» **WHAT YOU NEED TO DO**:
Output, exactly as written, the lines below starting at the line containing "Satin maxi dress with pleated yoke" and ending at the line containing "Authentication server |". Drop the pictures and keep both end lines.

» **EXCERPTED RECORDS**:
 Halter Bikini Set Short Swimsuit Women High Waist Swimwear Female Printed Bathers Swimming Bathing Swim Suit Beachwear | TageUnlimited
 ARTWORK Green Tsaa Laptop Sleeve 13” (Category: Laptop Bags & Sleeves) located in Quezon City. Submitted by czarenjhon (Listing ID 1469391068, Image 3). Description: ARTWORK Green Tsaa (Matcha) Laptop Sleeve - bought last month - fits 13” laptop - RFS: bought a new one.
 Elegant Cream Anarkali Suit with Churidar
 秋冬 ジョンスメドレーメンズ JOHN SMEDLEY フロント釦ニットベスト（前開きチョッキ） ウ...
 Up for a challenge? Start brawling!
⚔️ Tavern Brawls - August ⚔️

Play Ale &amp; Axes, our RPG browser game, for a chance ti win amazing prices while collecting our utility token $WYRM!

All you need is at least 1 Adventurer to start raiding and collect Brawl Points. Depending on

--

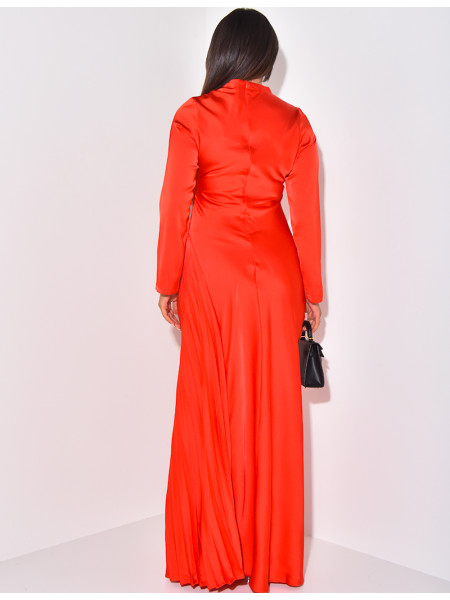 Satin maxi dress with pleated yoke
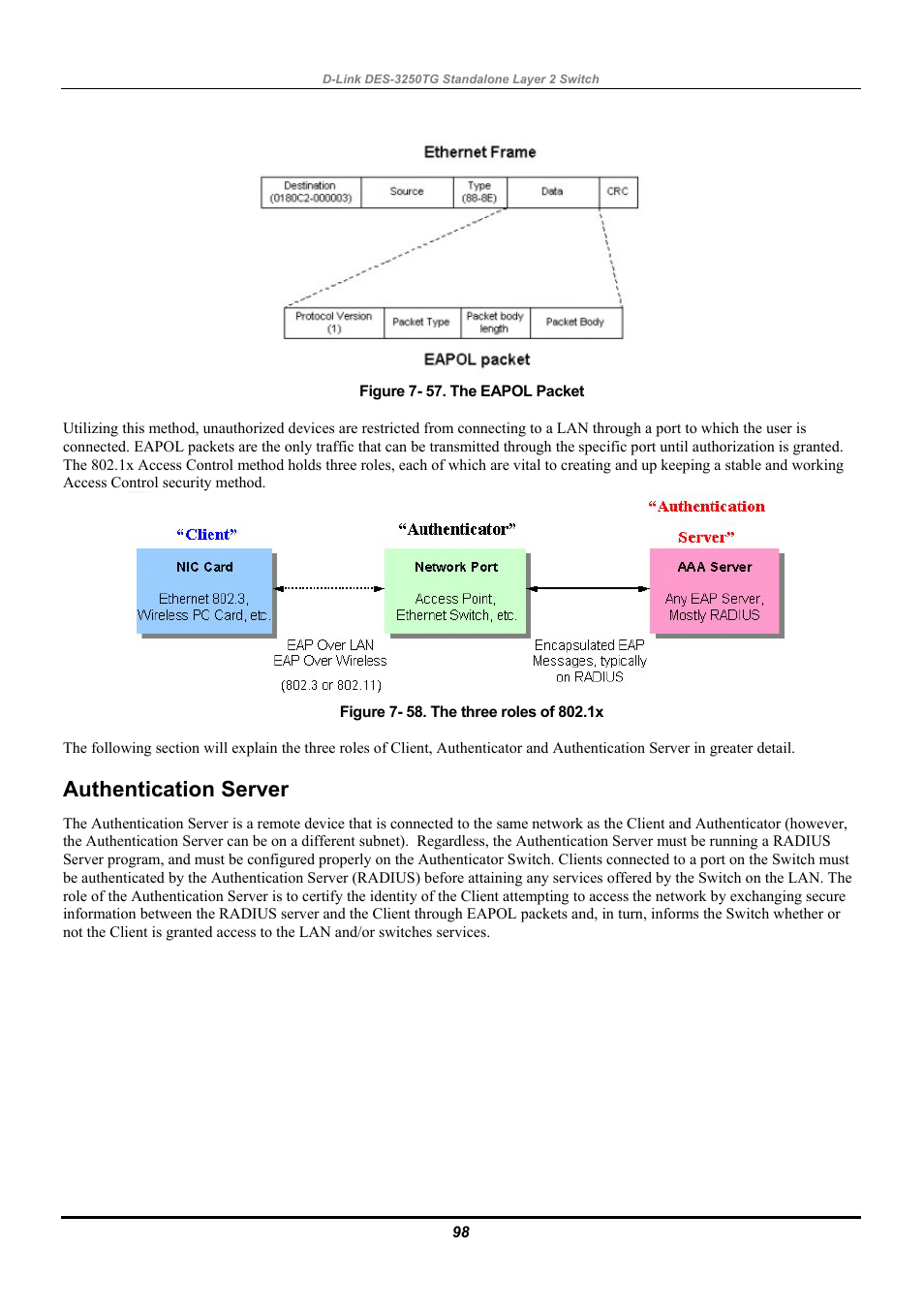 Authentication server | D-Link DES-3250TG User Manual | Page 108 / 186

» **ANSWER BELOW**:
 Satin maxi dress with pleated yoke
 Authentication server | D-Link DES-3250TG User Manual | Page 108 / 186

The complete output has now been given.